Either way, we're entering the crunch point now. Saturday will be the most momentous and nerve-shredding day since the Brexit vote itself. It all comes down to this.

Urmstongran Thu 17-Oct-19 21:15:13

Imagine varian if Leavers paid Remainers £4K a pop. .... it’d be worth it to stop the negativity!
???

Urmstongran Thu 17-Oct-19 21:23:06

About the cost Growstuff mentioned: I don't know if you have ever either translated documents yourself or have had documents translated. I worked as a translator for many years and can assure you that translations do not come cheap

Actually Greta we have had this done. Last summer our grandson sustained a nasty injury which necessitated being blue lighted by ambulance to Malaga paediatric hospital. Documents from the hospital (4 pages of A4) had to be translated into English for the insurance company here.

Whilst we were all out in Spain we got it sorted. It cost us €35 - about £30.

Labaik Thu 17-Oct-19 22:28:55

I wish I could throw £4,000 around just like that...sad….

GracesGranMK3 Thu 17-Oct-19 22:34:47

Thanks for copying it all Whitewave. It's an interesting g read.

GracesGranMK3 Thu 17-Oct-19 22:40:19

More attacks on the right of free speech UG it’d be worth it to stop the negativity! The comments are not the negativity of the person, who it seems is always the leave voters target, but of the situation. Millions of people see the situation in this way yet you want to close down their right to say so.

Urmstongran Thu 17-Oct-19 22:46:08

Don’t worry Labaik it’s only light hearted (but well intentioned) banter!
??

Greta Thu 17-Oct-19 22:55:16

Well, Urmstongran, the rush to hospital with your grandson would have been a scary experience for you all. Hope your grandson is OK.

Translation agencies generally charge £0.10 to 0.16 per word, the lower rate for common languages such as English and Spanish and the higher rate for less common such as the Scandinavian languages. One cannot go by number of pages. If we use the lower rate of £0.10 per word and you paid £30 that would mean a total of 300 words; not a very long document. Of course, some documents are much longer than that. Also, for important applications one may have to ask an independent translator to certify that the translation is authentic and accurate. This would also cost money. The Danish lady in question may have had to ask Danish authorities for copies of certain papers/documents; again, this would add to the cost.

As so often in life things can be more difficult, expensive and time consuming than expected.

Urmstongran Thu 17-Oct-19 23:08:24

Of course it can be Greta I was only explaining the situation we had personal knowledge of to give clarity. It is doable - not a king’s ransom. Most people will have documents for translation that will not cost ‘thousands’!
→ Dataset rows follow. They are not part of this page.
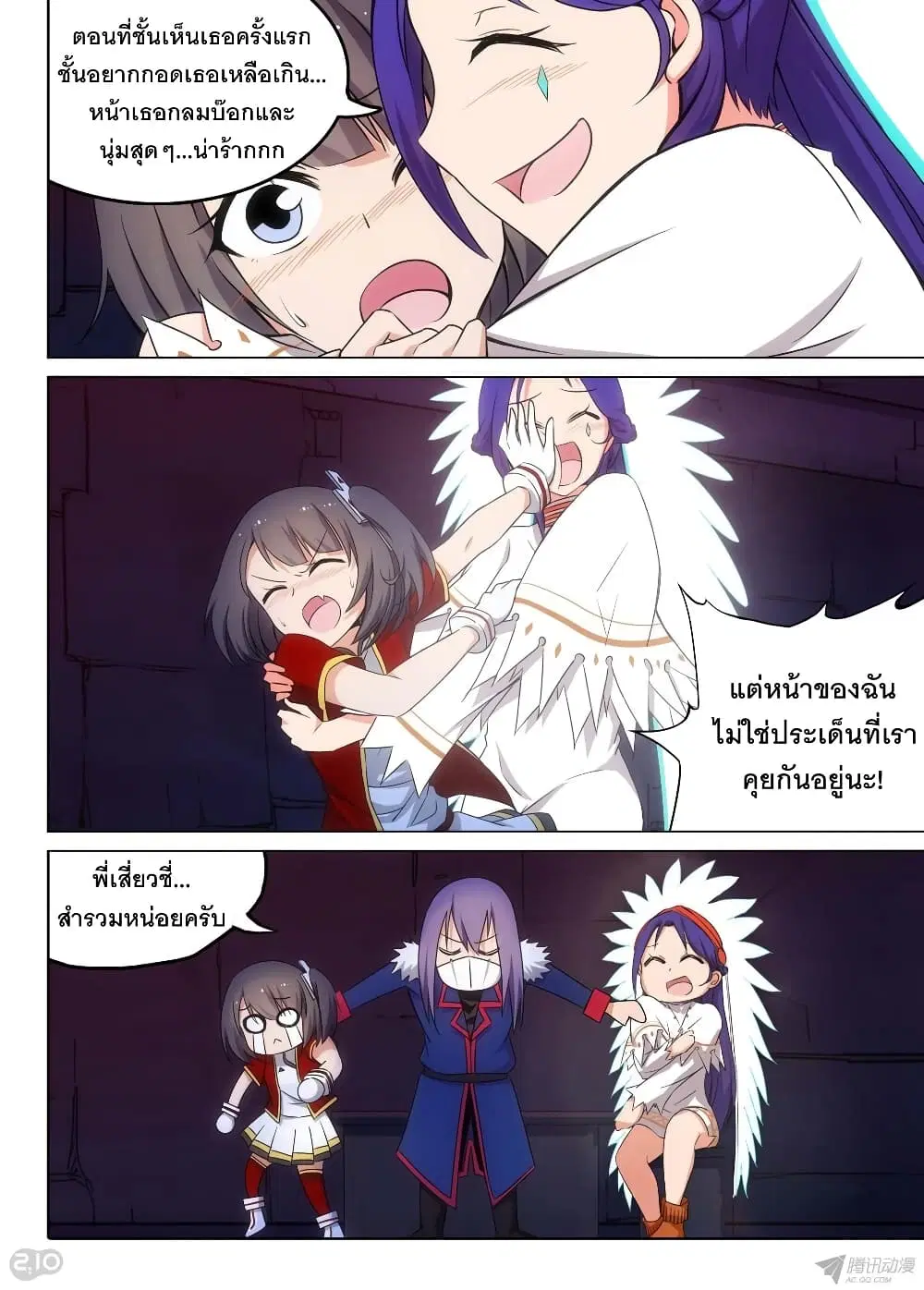Silver Gravekeeper ตอนที่ 150 — หน้า 5 จาก 11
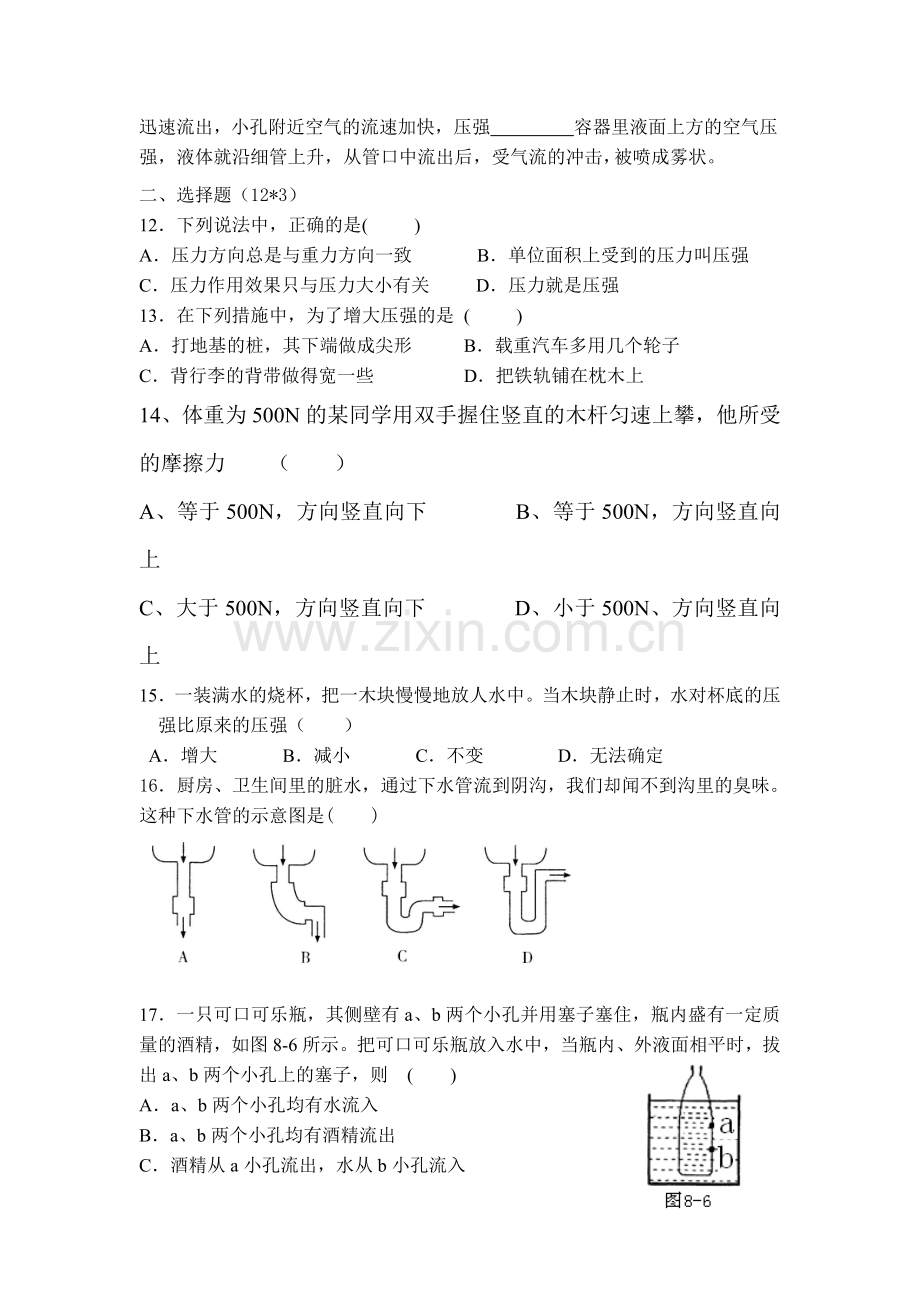 八年级物理下册第二次月考试卷.doc_第2页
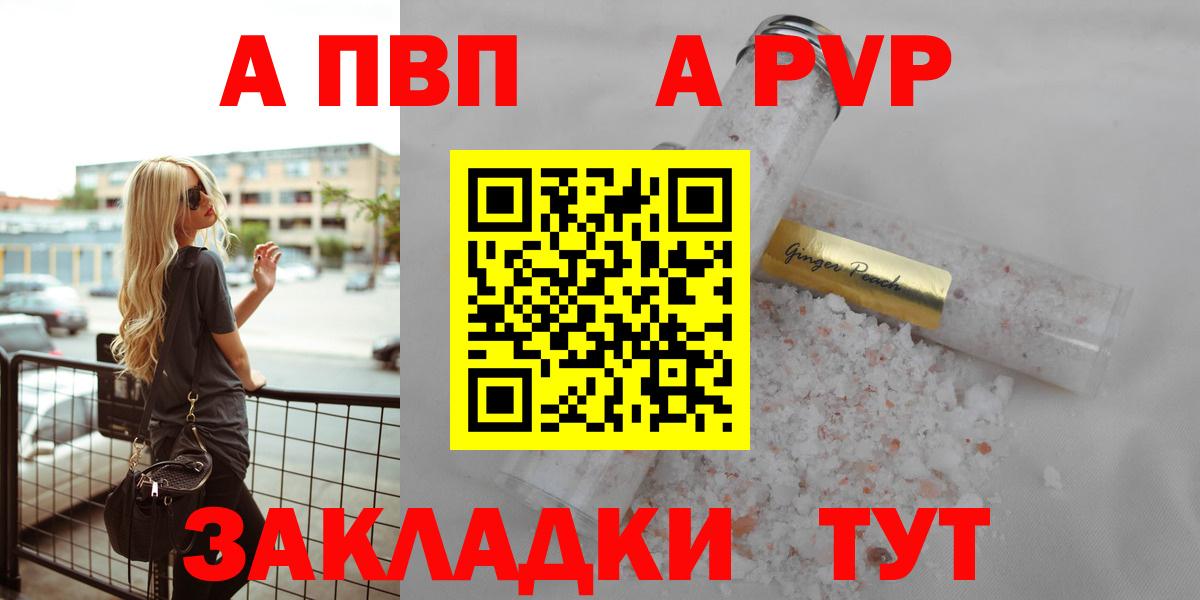Alpha-PVP СК КРИС Луховицы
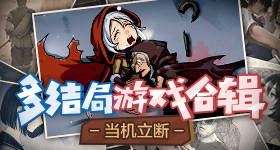 汪峰又把人设立住了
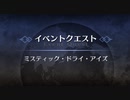 【FGO実況】ドライアイズってそういうことね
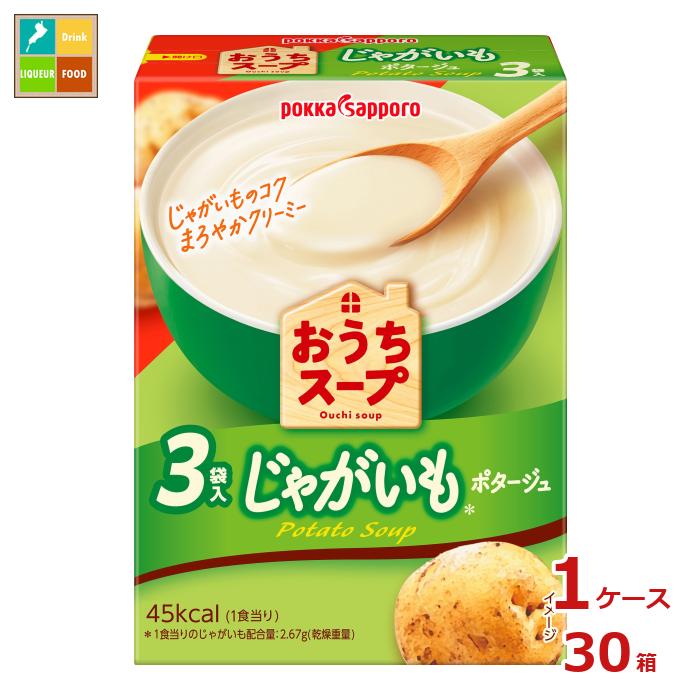 ポッカサッポロ おうちスープ じゃがいも 3袋入箱×1ケース(全30本)送料無料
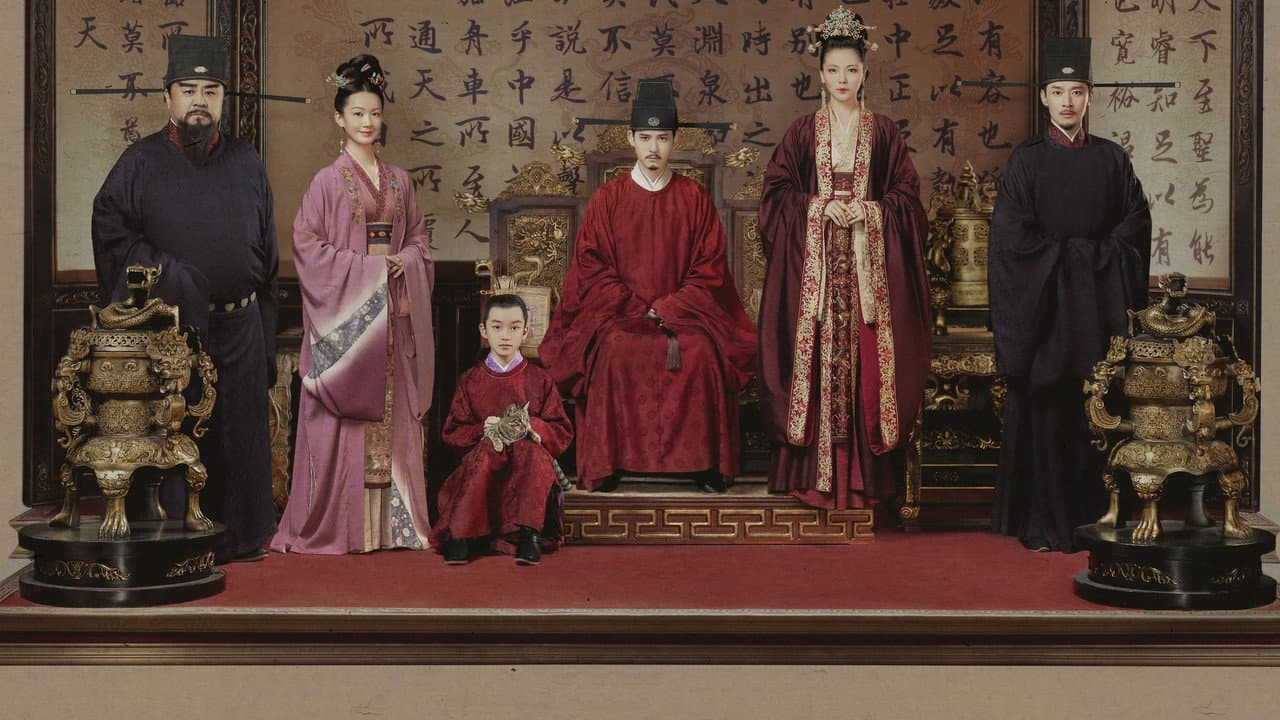 大宋宫词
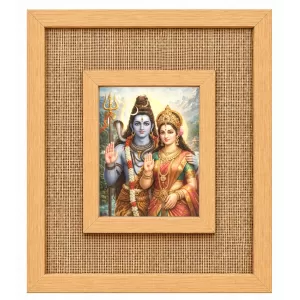 Shiva Parvati Laminated Jute Wall Photo Frame, 14 X 16 Inch (F174846) Shiva Parvati Laminated Jute Wall Photo Frame, 14 X 16 Inch (F174846)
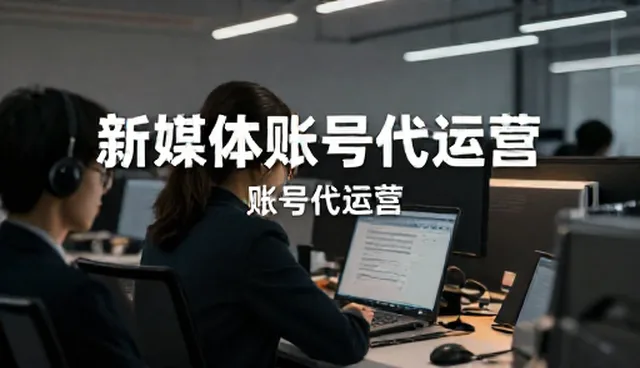 新媒体运营服务性能与适用条件分析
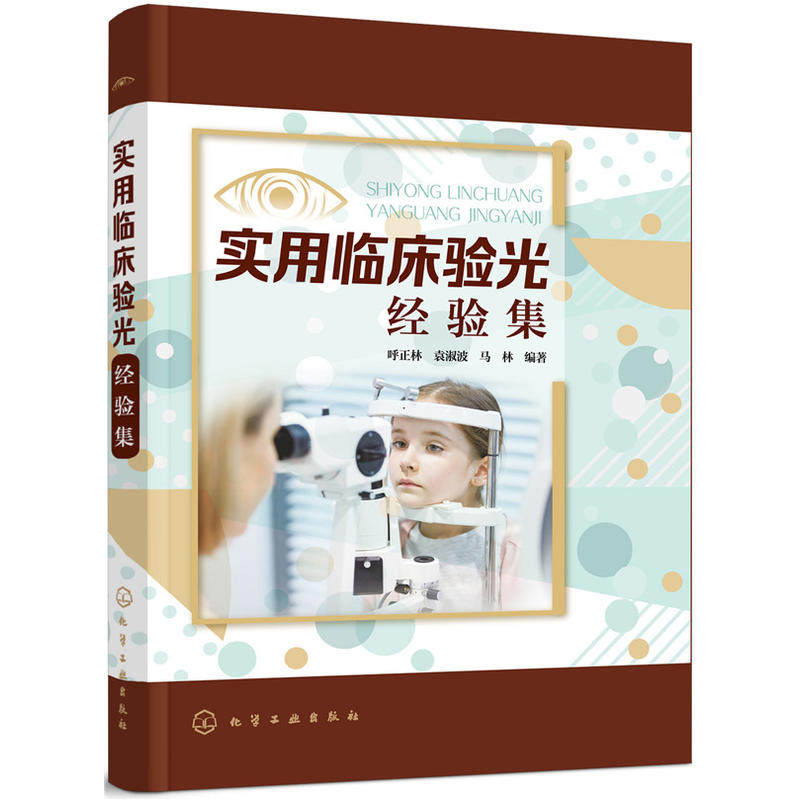 practical clinical optometry experiencein the Books/Magazine/Newspaper , Medical Health , Ophthalmology  category - from Buy2taobao.com to provide professional Taobao agent buy service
Our grandson is well now, just a bad scar, but thank you for asking.
?

growstuff Fri 18-Oct-19 00:28:49

Of course you did Urmstongran! I'm a linguist by profession and I do translations. I charge £150 for 1000 words.

BTW The costs my friend's mother incurred have been for a lawyer and fees for documents, etc. She speaks perfect English and could translate any documents herself.

Solicitors cost around £200 an hour.

growstuff Fri 18-Oct-19 01:02:09

Oopsminty The only evidence of residence that my friend's mother had was that she was named on the electoral register, although the council tax bill wasn't in her name. Everything else has been in her husband's name. Apparently she is registered with a GP, but hasn't been for a few years and certainly didn't have any letters or appointment cards.

Don't forget that this all has to be done online.

How dare people imply that I'm lying and that it really is easypeasy for everybody!

growstuff Fri 18-Oct-19 01:13:37

Yes, you were being mean Urmstongran. Frankly, I wouldn't have expected anything different. I guess that's just how you are.